**TASK ITEM**. Please output all of the entries exactly and omit any images they hold.

Crawled caption data:
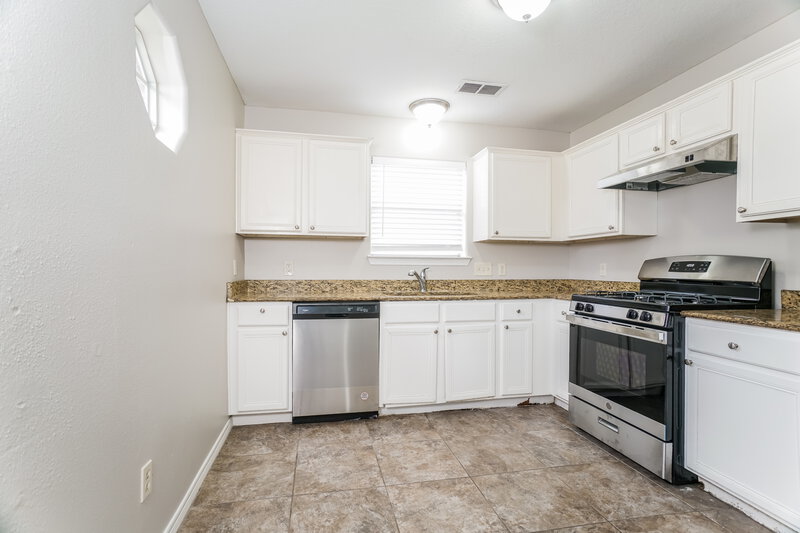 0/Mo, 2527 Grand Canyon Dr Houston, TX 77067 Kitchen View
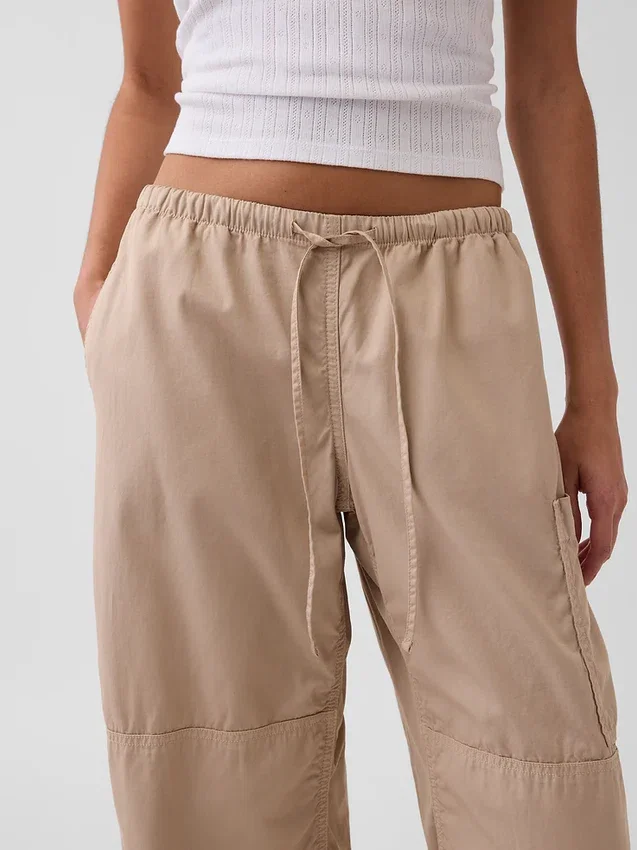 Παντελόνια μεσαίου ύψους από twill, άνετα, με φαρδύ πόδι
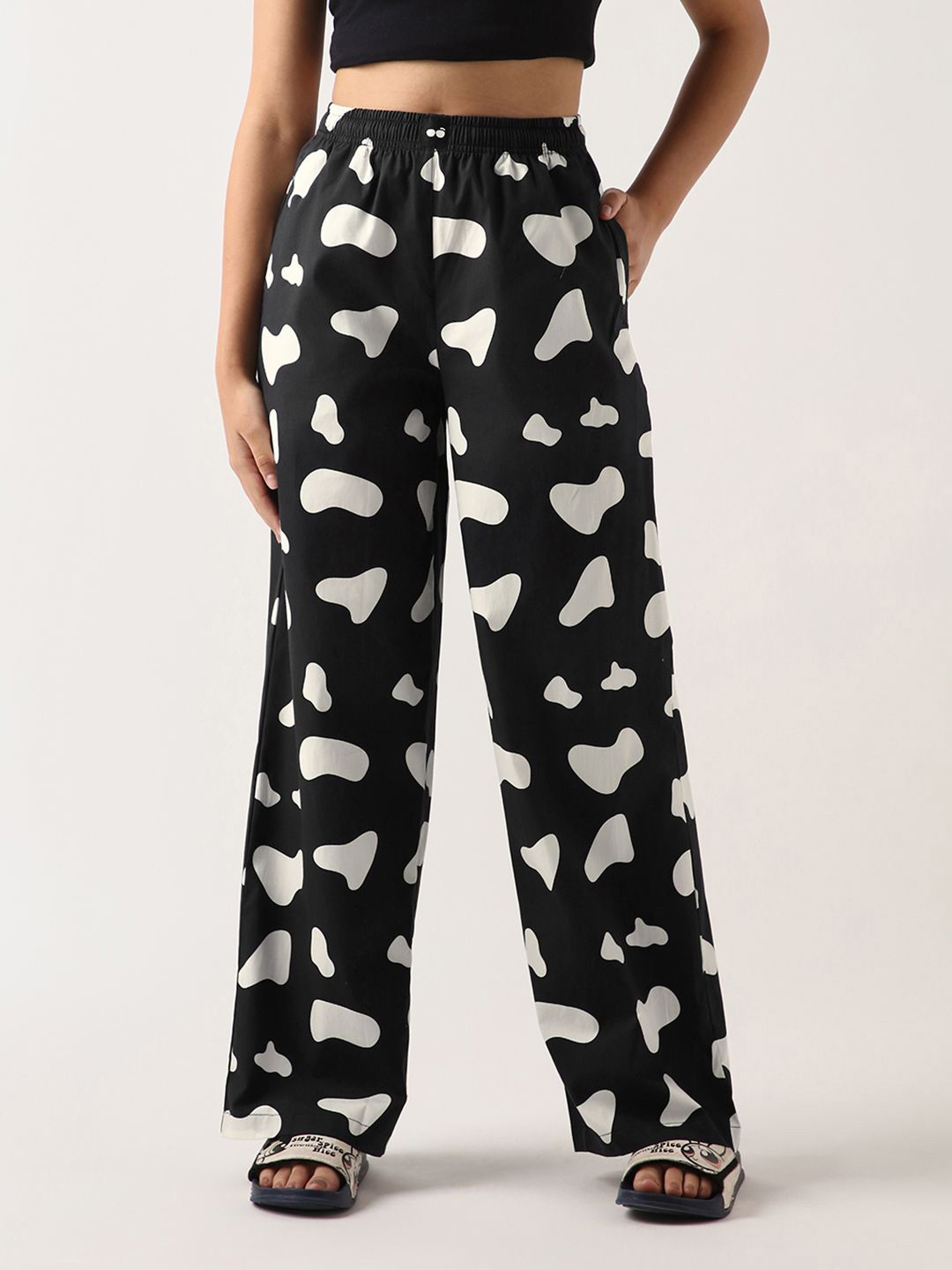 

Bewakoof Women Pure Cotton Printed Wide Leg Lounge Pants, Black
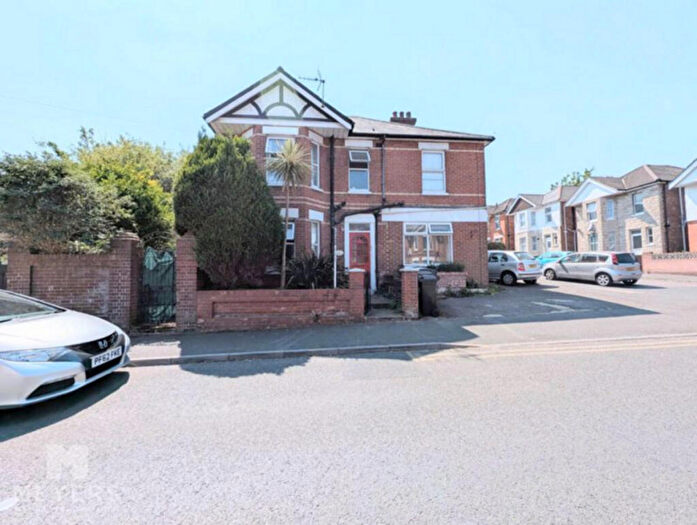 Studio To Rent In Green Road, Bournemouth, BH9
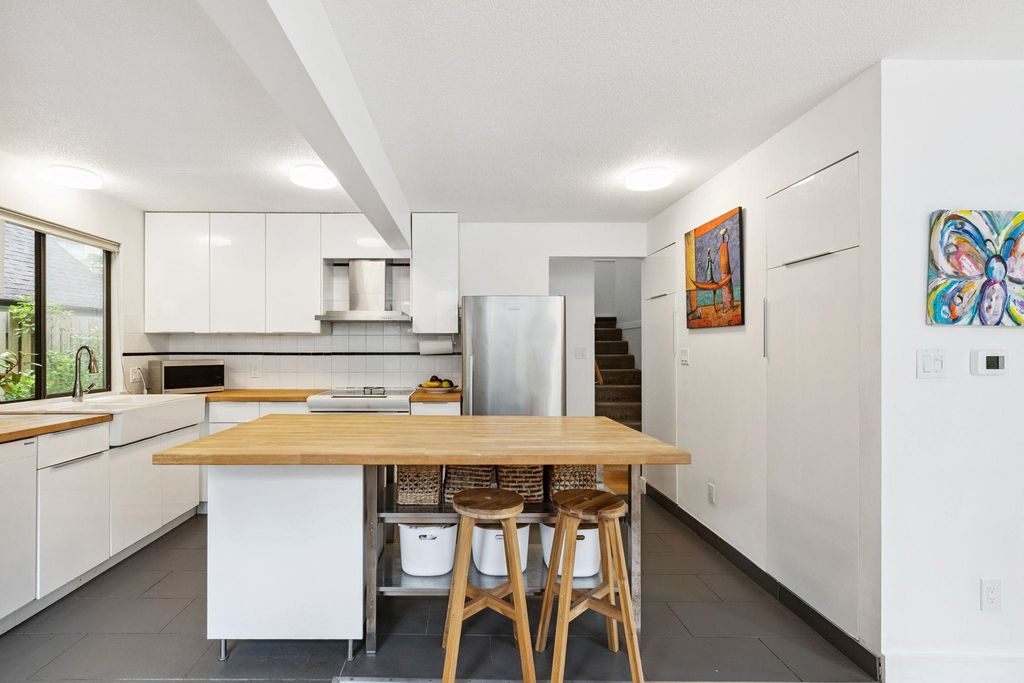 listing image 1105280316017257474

**SOLVED EXERCISE**.
 0/Mo, 2527 Grand Canyon Dr Houston, TX 77067 Kitchen View
 Παντελόνια μεσαίου ύψους από twill, άνετα, με φαρδύ πόδι

Bewakoof Women Pure Cotton Printed Wide Leg Lounge Pants, Black
 Studio To Rent In Green Road, Bournemouth, BH9
 listing image 1105280316017257474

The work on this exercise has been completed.